Os cristãos são chamados de “forasteiros” e de “residentes temporários” no sentido de que não fazem parte deste mundo. (Jo 15:19; 1Pe 1:1) São forasteiros no sentido de que não se ajustam às práticas do mundo hostil a Deus. (1Pe 2:11) Os das nações gentias, outrora “estranhos aos pactos da promessa”, sem esperança e “sem Deus no mundo”, por intermédio de Cristo ‘não são mais estranhos e residentes forasteiros’, mas ‘concidadãos dos santos e membros da família de Deus’. (Ef 2:11, 12, 19) As “outras ovelhas”, que Jesus disse que ajuntaria no “um só rebanho”, assumem igualmente uma posição separada do mundo, com o favor de Deus e a esperança de vida. — Jo 10:16; Mt 25:33, 34, 46; compare isso com Re 7:9-17.

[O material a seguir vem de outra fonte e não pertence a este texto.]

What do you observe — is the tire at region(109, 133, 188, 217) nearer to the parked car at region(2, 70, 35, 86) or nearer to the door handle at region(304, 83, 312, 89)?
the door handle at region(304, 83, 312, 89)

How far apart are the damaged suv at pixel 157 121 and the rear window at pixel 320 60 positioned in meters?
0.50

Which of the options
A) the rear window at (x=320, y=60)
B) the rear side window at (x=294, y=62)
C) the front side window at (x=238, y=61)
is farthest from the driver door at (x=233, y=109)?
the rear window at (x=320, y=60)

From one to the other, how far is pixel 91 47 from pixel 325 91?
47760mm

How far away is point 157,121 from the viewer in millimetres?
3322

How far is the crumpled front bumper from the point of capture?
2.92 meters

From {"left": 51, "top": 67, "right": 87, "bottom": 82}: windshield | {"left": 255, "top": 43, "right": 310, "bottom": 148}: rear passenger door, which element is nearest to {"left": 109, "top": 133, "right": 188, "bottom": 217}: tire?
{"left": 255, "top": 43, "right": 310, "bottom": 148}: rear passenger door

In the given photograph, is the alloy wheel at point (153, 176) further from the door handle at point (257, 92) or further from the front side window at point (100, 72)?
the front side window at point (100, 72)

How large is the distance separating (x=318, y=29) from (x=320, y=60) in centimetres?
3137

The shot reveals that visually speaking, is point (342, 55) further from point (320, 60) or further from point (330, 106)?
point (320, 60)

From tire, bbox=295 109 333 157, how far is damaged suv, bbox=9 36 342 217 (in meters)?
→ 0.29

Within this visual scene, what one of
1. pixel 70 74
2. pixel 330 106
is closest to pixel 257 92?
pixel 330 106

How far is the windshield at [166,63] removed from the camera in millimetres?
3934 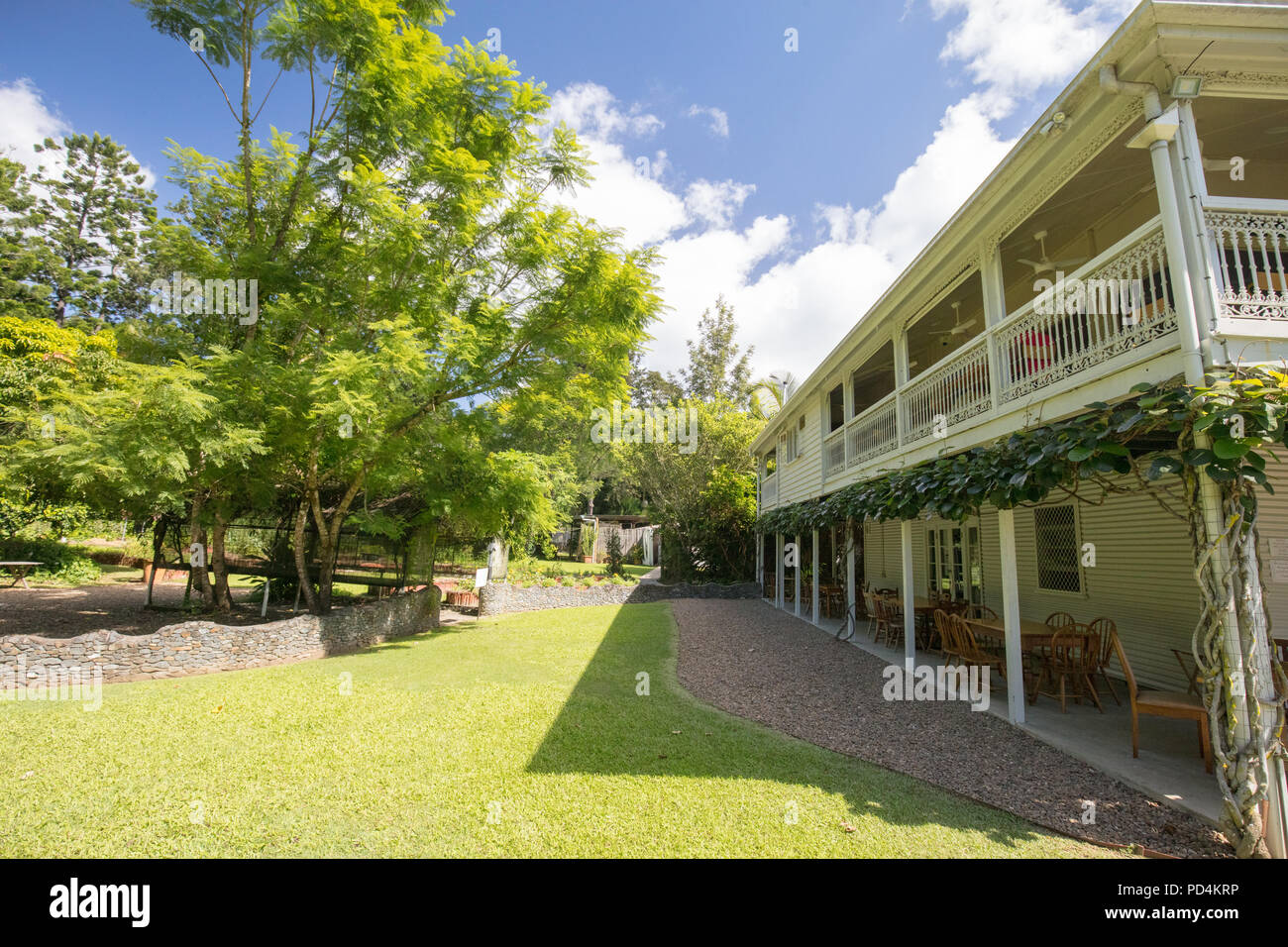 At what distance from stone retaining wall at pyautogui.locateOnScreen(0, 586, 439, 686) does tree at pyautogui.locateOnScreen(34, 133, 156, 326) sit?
32065 mm

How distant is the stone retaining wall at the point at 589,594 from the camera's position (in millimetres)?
14820

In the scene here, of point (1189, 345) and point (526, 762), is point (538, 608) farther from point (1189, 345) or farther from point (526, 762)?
point (1189, 345)

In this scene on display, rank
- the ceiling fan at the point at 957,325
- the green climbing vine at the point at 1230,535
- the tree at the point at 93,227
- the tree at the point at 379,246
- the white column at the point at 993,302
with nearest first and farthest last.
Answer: the green climbing vine at the point at 1230,535 → the white column at the point at 993,302 → the tree at the point at 379,246 → the ceiling fan at the point at 957,325 → the tree at the point at 93,227

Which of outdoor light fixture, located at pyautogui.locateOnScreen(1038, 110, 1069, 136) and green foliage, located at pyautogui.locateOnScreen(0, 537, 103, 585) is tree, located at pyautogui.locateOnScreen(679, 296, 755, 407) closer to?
green foliage, located at pyautogui.locateOnScreen(0, 537, 103, 585)

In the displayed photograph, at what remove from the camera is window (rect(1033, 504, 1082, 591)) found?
8.03 meters

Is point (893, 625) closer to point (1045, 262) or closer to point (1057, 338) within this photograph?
point (1057, 338)

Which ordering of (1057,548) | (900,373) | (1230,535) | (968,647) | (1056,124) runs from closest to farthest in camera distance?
(1230,535) < (1056,124) < (968,647) < (1057,548) < (900,373)

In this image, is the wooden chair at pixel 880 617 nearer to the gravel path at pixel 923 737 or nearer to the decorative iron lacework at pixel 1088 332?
the gravel path at pixel 923 737

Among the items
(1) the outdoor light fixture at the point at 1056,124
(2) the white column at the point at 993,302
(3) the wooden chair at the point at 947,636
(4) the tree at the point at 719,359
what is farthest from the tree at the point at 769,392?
(1) the outdoor light fixture at the point at 1056,124

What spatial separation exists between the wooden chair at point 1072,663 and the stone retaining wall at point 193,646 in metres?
10.9

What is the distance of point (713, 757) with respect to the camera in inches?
185

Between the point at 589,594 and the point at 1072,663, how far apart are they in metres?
12.8

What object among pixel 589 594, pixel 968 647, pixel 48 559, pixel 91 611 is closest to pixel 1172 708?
pixel 968 647

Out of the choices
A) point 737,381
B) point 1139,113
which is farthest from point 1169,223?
point 737,381
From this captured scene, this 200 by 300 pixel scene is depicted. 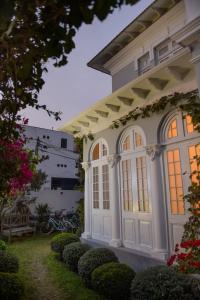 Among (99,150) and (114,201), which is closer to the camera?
(114,201)

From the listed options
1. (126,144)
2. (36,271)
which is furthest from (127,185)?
(36,271)

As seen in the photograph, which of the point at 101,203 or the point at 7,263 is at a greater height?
the point at 101,203

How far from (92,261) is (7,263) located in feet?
6.68

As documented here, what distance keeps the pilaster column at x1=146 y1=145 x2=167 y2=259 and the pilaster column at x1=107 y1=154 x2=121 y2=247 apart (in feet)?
5.12

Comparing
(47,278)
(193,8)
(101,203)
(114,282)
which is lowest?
(47,278)

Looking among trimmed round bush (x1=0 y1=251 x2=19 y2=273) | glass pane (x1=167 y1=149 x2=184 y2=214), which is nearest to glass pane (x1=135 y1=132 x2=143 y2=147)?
glass pane (x1=167 y1=149 x2=184 y2=214)

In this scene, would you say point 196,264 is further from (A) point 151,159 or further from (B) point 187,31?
(B) point 187,31

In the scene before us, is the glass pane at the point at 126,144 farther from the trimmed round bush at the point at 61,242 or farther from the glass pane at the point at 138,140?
the trimmed round bush at the point at 61,242

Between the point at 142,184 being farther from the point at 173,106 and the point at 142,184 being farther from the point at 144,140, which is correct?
the point at 173,106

Aquele que procura reunir a si seguidores religiosos é chamado por Cristo de “ladrão” e “estranho”, alguém perigoso para as “ovelhas” de Cristo, e é considerado falso pastor. As verdadeiras “ovelhas” de Jesus não atenderão à voz dum falso pastor, assim como os fiéis israelitas mantinham-se separados do estrangeiro que defendesse deuses estranhos. — Jo 10:1, 5; veja ESTRANGEIRO.